If you love to go back country exploring, Bucksaw can. I took out Bucksaw on a 600 acre parcel of County managed recreational land. For the most part, this area was full of old logging roads and ATV trails. Bucksaw excelled even while riding through what us single trackers would likely not want to ride. Bucksaw made it fun, made it an experience.
Bucksaw is a smooth operator, it minimizes the bouncing in the rear of the bike so you can enjoy the ride when pedaling through nature. One of my favorite back country Bucksaw rides was a loose-soil logging road going straight up a hill. Likely only forestry equipment and 4×4’s were able to climb this road.
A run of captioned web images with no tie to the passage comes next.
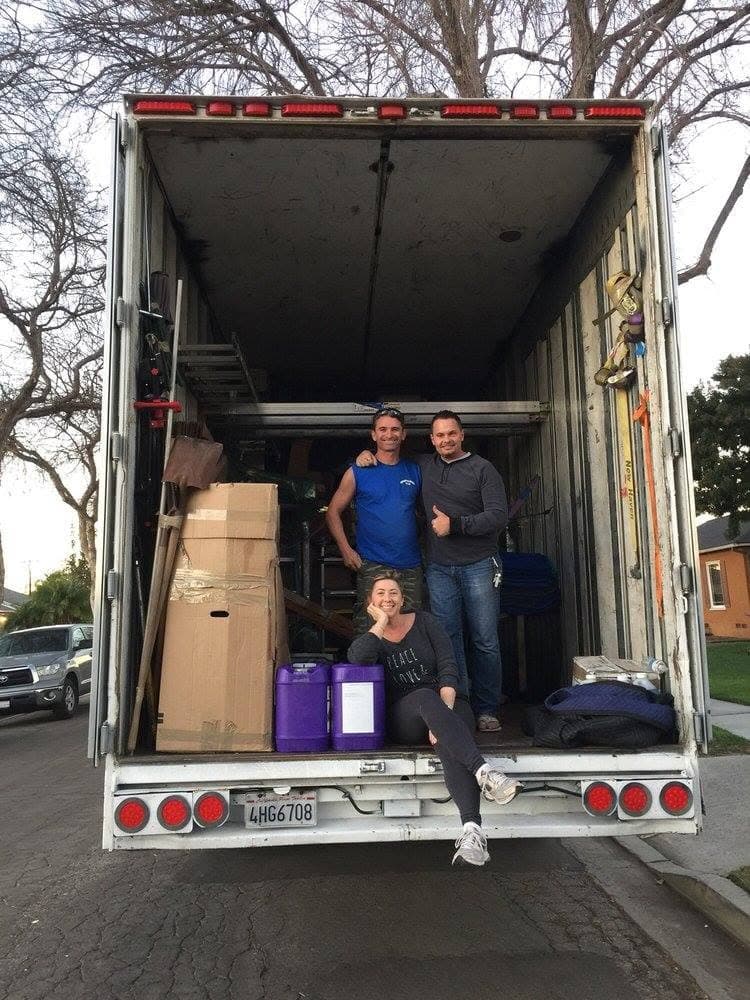 Moving Pro Inc crew and customer at the back of a loaded truck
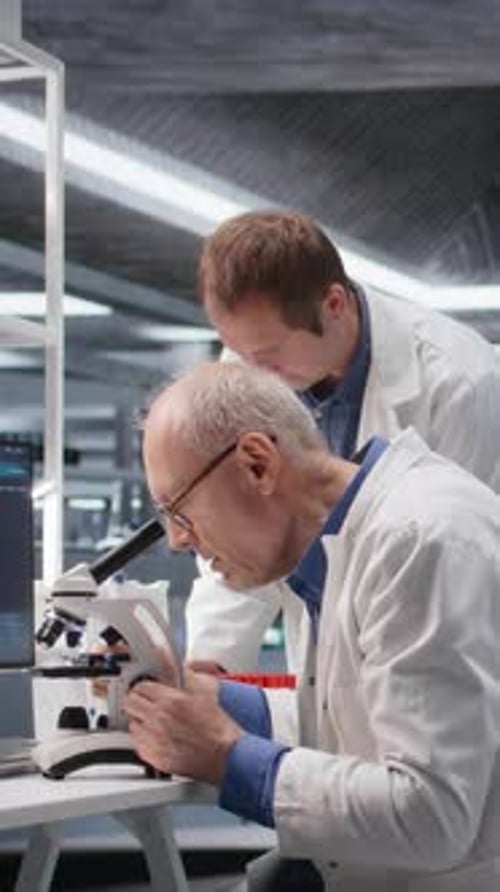 Laboratório de Vídeo Vertical com Velho Cientista Masculino Observando Espécime Sob Microscópio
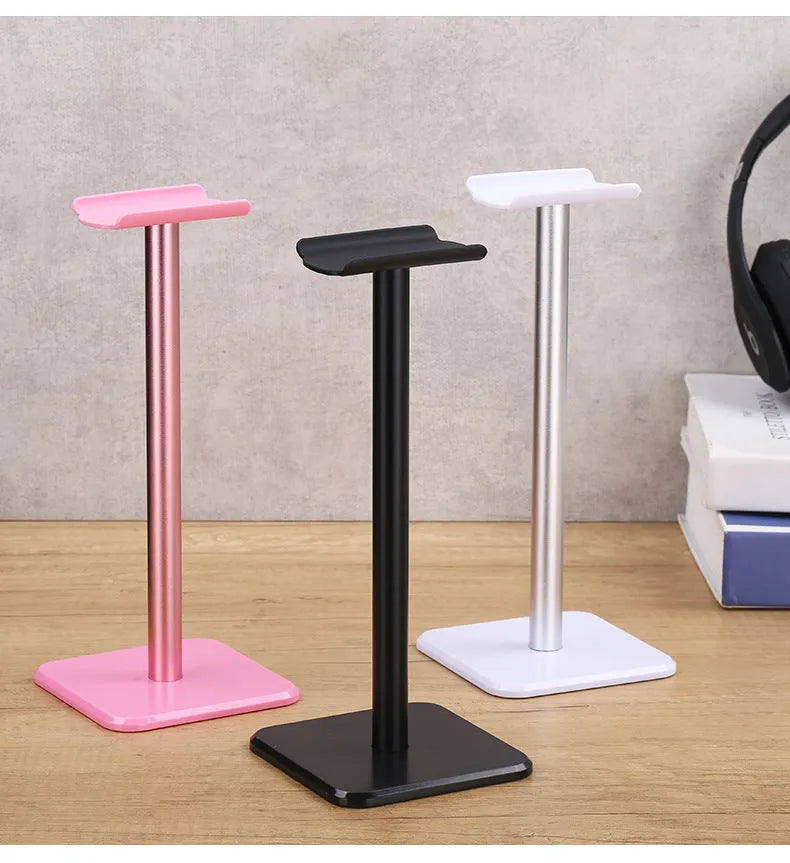 Detachable aluminum alloy headset hanger with TPU rubber cradle, shown in white, pink, and black, fixed to a table.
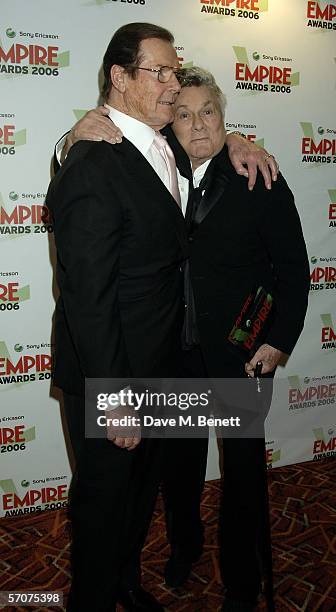 Actors Roger Moore and Tony Curtis pose in the awards room with the Empire Lifetime Achievement Award presented to Curtis by Moore at the Sony...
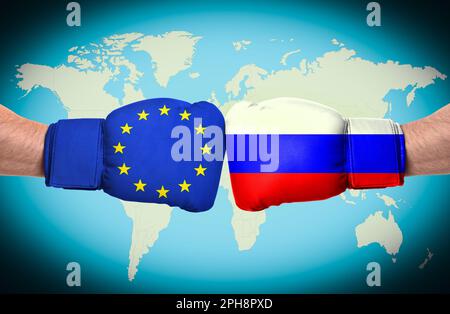Uomini in guanti da boxe con Unione europea e bandiere russe che combattono con la mappa del mondo sullo sfondo, primo piano. Feudo politico Foto Stock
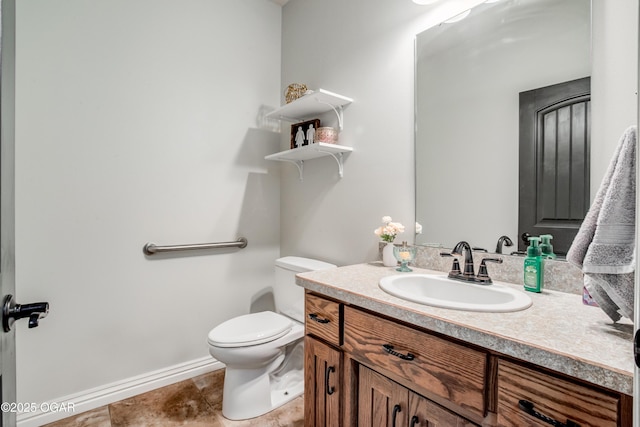 bathroom featuring tile patterned floors, toilet, vanity, and baseboards
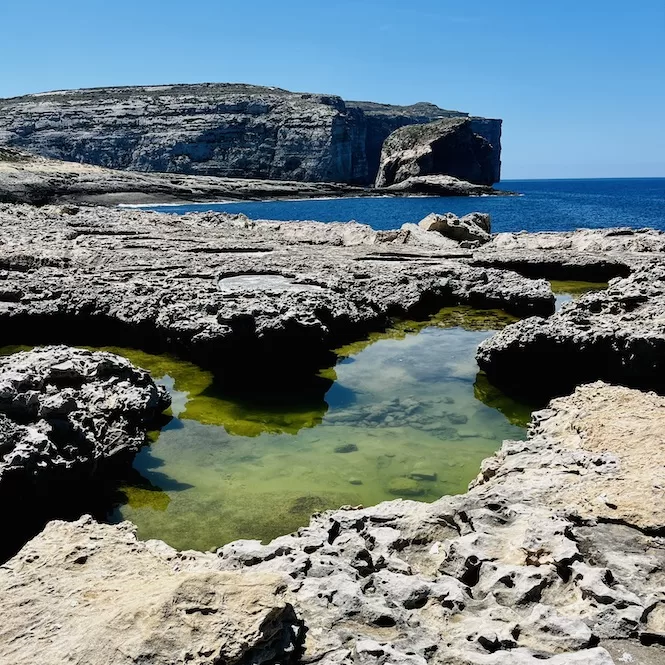 Rocky pools dotting the landscape offer the view of Dwejra Bay in Gozo. Beyond, the majestic Fungus Rock stands tall against the vast blue expanse of the sea.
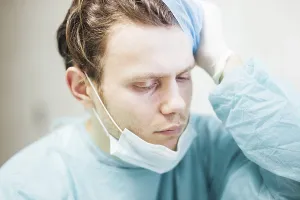 A doctor in scrubs showing concern with hand on head
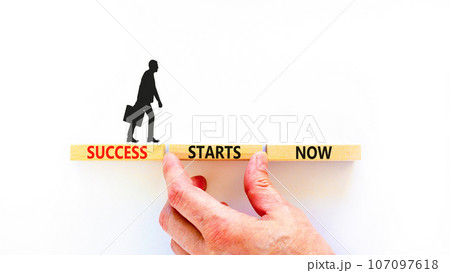 Success starts now symbol. Concept word Success starts now on beautiful wooden block. Businessman hand. Beautiful white table background. Business motivational success starts now concept. Copy space. 107097618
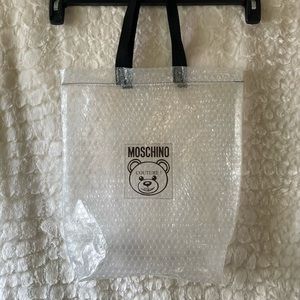 MOSCHINO Teddy couture Milano clear bubble shoe dust bag, with black handles.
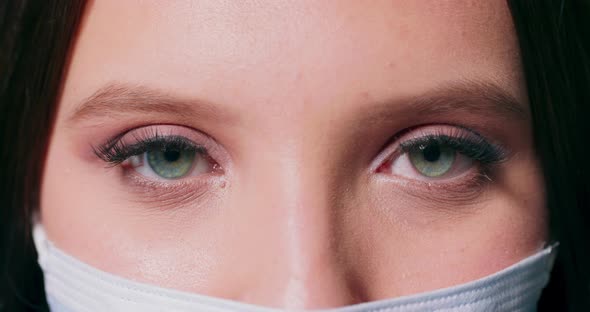 Closeup on the Eyes of a Woman Wearing a Medical Face Mask Looking at the Camera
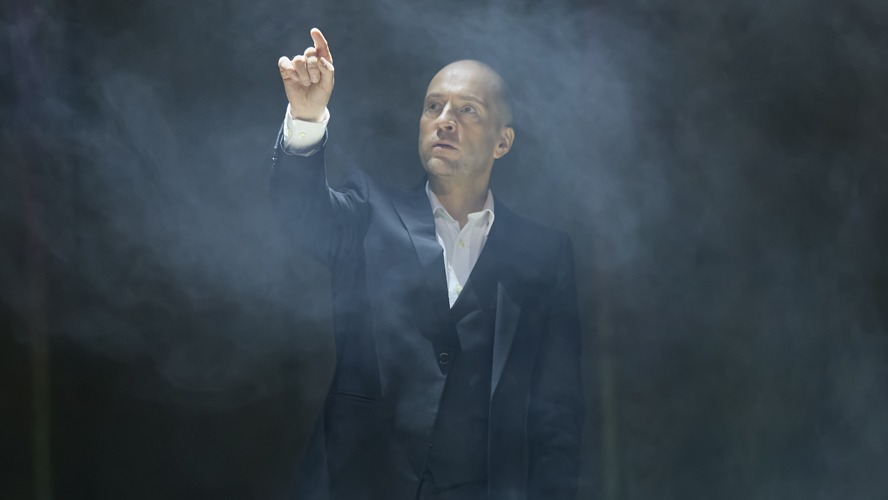 Derren Brown performing on stage, wearing a black suit, with dramatic lighting and an engaged audience.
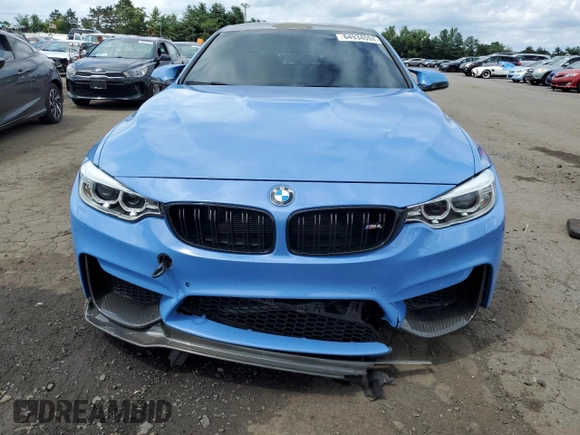 2015 BMW M4 with VIN WBS3R9C57FK332148, listed as a Copart auction lot 64934594 with 72,669 mi miles and Salvage Title. Bid and sale history available at carsss.com. Image 5.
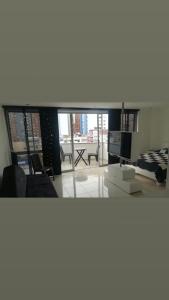 Posezení v ubytování Algo diferente de lo normal, cortinas eléctricas!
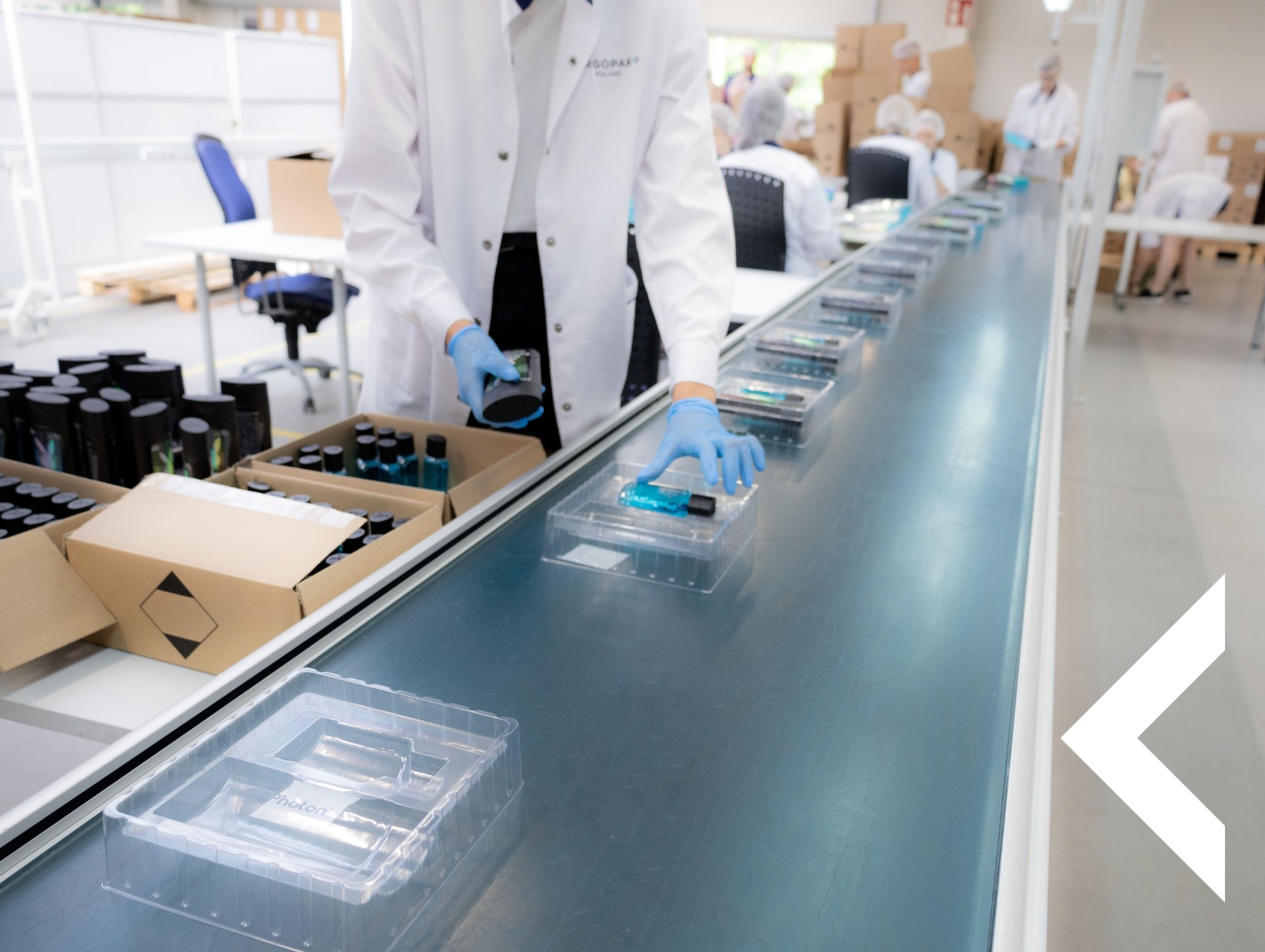 Pracownik w Józefowie umieszcza kosmetyki w plastikowych opakowaniach na linii produkcyjnej. Jasne, sterylne otoczenie, precyzja w pakowaniu produktów.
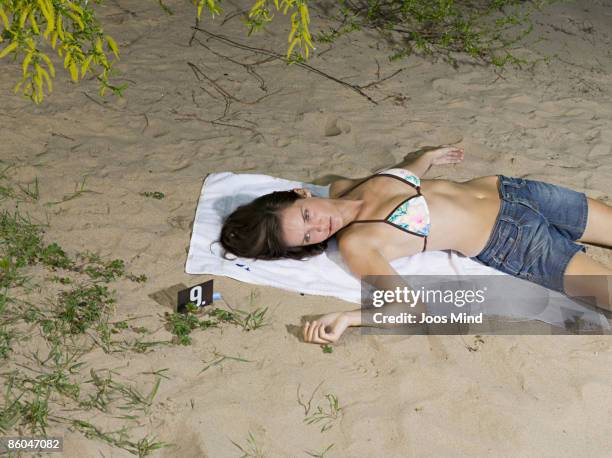 woman lying on beach, murdered - dead body sand stock pictures, royalty-free photos & images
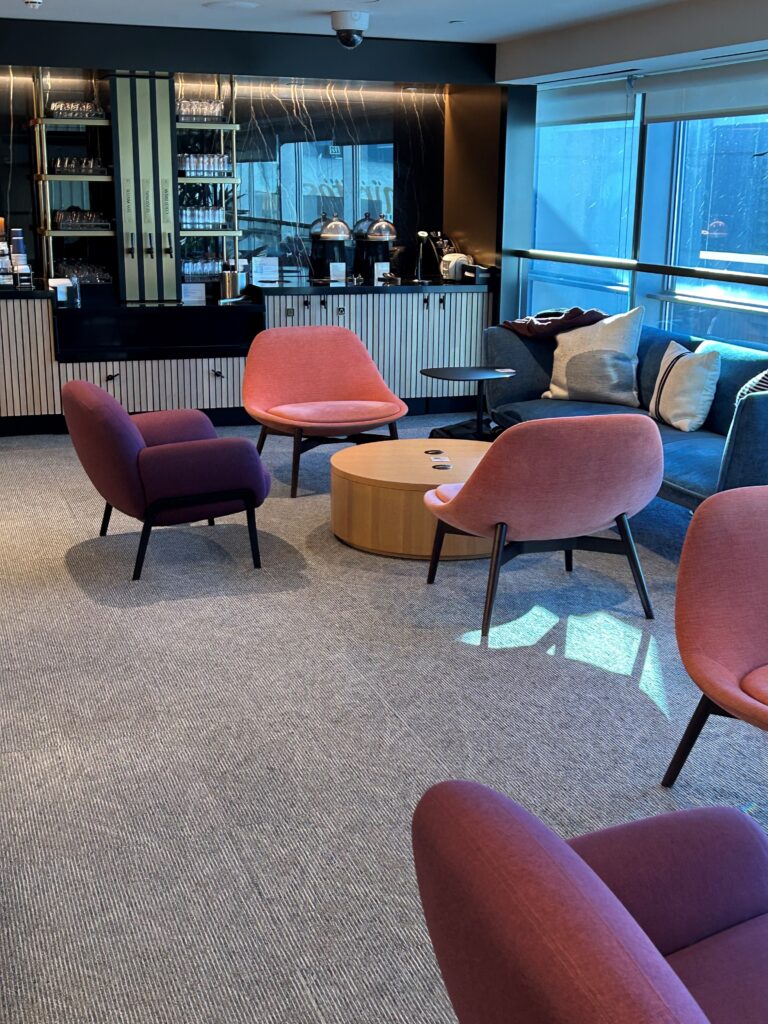 a room with a couch and chairs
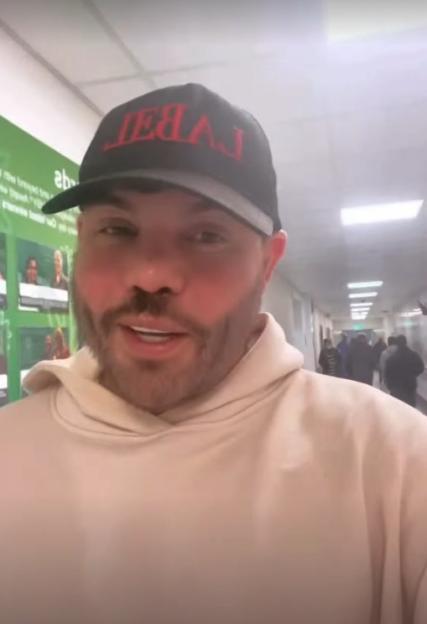 Bobby Norris wearing a black baseball cap and a cream hoodie in a hospital hallway.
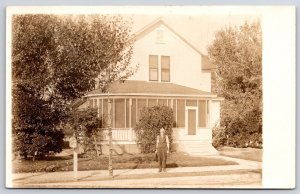 Man in Front of Home w/ White Siding Porch Street View Real Photo RPPC Postcard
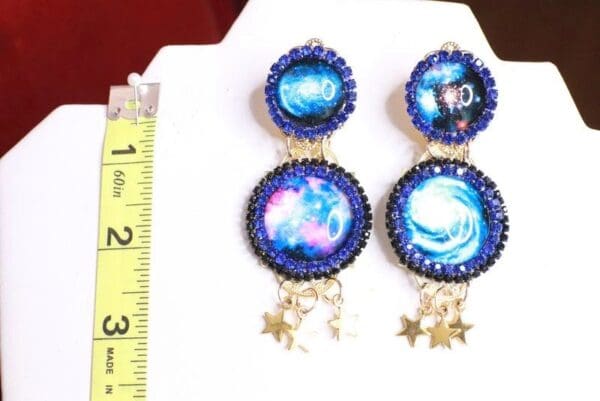 A pair of earrings with the image of a galaxy and stars.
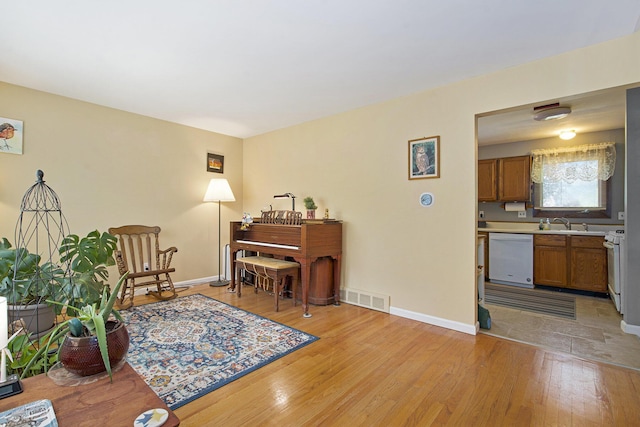 8683 Hemlock Ct, Ypsilanti, MI 48198 - sitting room with light wood-style floors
A bike, traditionally, has no business even attempting this climb. But Bucksaw did, and not only did I climb to the top of the hill without putting a foot down, I never lost traction. When I reached the top I looked back to see my fellow cyclists walking their bikes up the hill. There was an Olympic spirit I felt in that moment.
My recommendation is that the Bucksaw is not an ideal choice for winter fat biking. Nor did Salsa design the Bucksaw for intentional winter use. Reasons to keep the Bucksaw in winter storage are :
1) Suspension can ride rough when the temperature dips below freezing.
2) Salt has the ability to do disastrous things to the front fork and the rear suspension.
3) Winter trails typically feature a smooth riding surface where the additional suspension will have minimal payback for the increased weight.
Over the course of riding the Bucksaw for three weeks I have only three minimal gripes on my wish list for 2015:
1) Reduce weight. As the bike I tested already had tubeless tires and carbon rims/handlebars, it’s hard to look elsewhere than the frame for weight saving opportunities. I understand this is a fat bike, and a full-suspension fat bike, but, I’m writing this review in context of what it would take for myself to eventually replace my summer specific full suspension mountain bike with the Bucksaw.
As I wrote this story, I silently hoped that some day a carbon frame would eventually find its way to the Bucksaw. That day has already come. The Bucksaw is now available in a carbon frame. It looks to have a reduction in weight of 300 grams and I’d expect an improved ride quality on the vibration dampening carbon. I look forward to a ride on the Carbon Bucksaw in 2015!
2) Lockout for the rear shock. It would be nice to have a remote on the cockpit to lock out the rear shock.
3) The visual appearance of the bottom bracket/pivot area within the frame. In dialog with Salsa, it was noted that this area was needed to use existing Split Pivot frame parts to achieve the bottom bracket/pivot cluster on the Bucksaw. In this case using existing bottom bracket forgings from the Spearfish/Horsethief models freed up budget to explore items like carbon seatstays. My gripe here is the main frame has rounded edges, the seat stays are rounded, and the chain stays and bottom bracket/pivot area are edged. It’s nice to have consistency throughout, that’s a small gripe that will not affect performance of this bike. I did notice however on the new carbon Bucksaw frame this bottom bracket/pivot area was much improved from this aesthetic point of view.
Honestly, if I would have had the opportunity to demo this bike one week earlier I likely would have purchased the Bucksaw (In the Finnish blue color) in place of my new summer specific full-suspension mountain bike.
The Bucksaw is good, and if I quit enjoying IPA’s after my rides I likely could climb hills better. Blame the bike? Blame the rider? Neither. Let’s instead thank Salsa Cycles for bringing the fat bike world to a new place, a fun place, a place no other fat bike has gone before.